OpenNMT torch vs OpenNMT-tf

Hi, everyone. I wonder if someone did some comparison of both frameworks, OpenNMT torch and OpenNMT-tf. I did some experiments and results are surprising, because I get about 20 points of difference between them. The task is about grammatical error corrections so I basically check if corrected sentence (hypothesis) is the same as target sentence. My metric is the % of identic sentences over a total number of sentences. I get a much better score in torch using BPE, and the following configuration:
-rnn_size 128
-encoder_type rnn
-rnn_type LSTM
-end_epoch 60
-max_batch_size 50
-save_model ${folder}/models/
-layers 2
-dropout 0.3
-optim adam
-learning_rate 0.0002
-learning_rate_decay 1.0
-src_word_vec_size 128
-tgt_word_vec_size 128 \

than using OpenNMT-tf with BPE (I tried different models as NMT-medium, transformer with their default parameters, only varying updates number).

Has anyone done similar experiments comparing both backends?

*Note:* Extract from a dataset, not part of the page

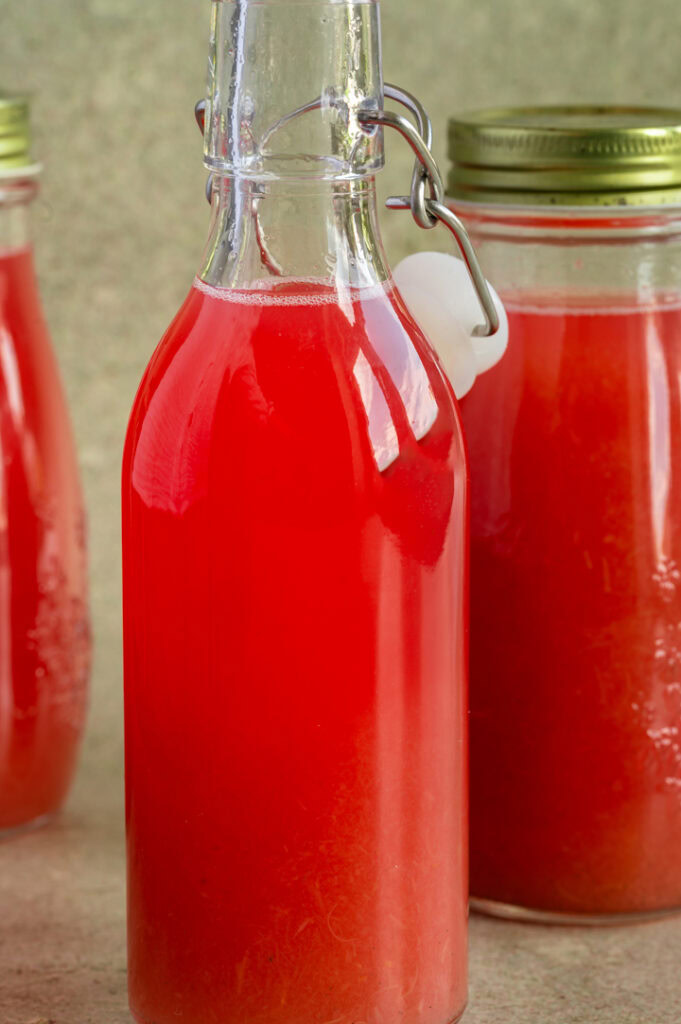 Drei Flaschen mit Rhabarbersirup stehen auf dem Tisch.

Hi Suzanna, I’m planning to do “scientific” comparisons like you but at present am doing human evaluations as I know the two languages involved. What I can see is that OpenNMT-tf is producing much more natural-sounding, fluent translations than the Torch (Lua) based toolkit which I have been using for production. When I do a scientific comparison I will post the results as this topic interests me.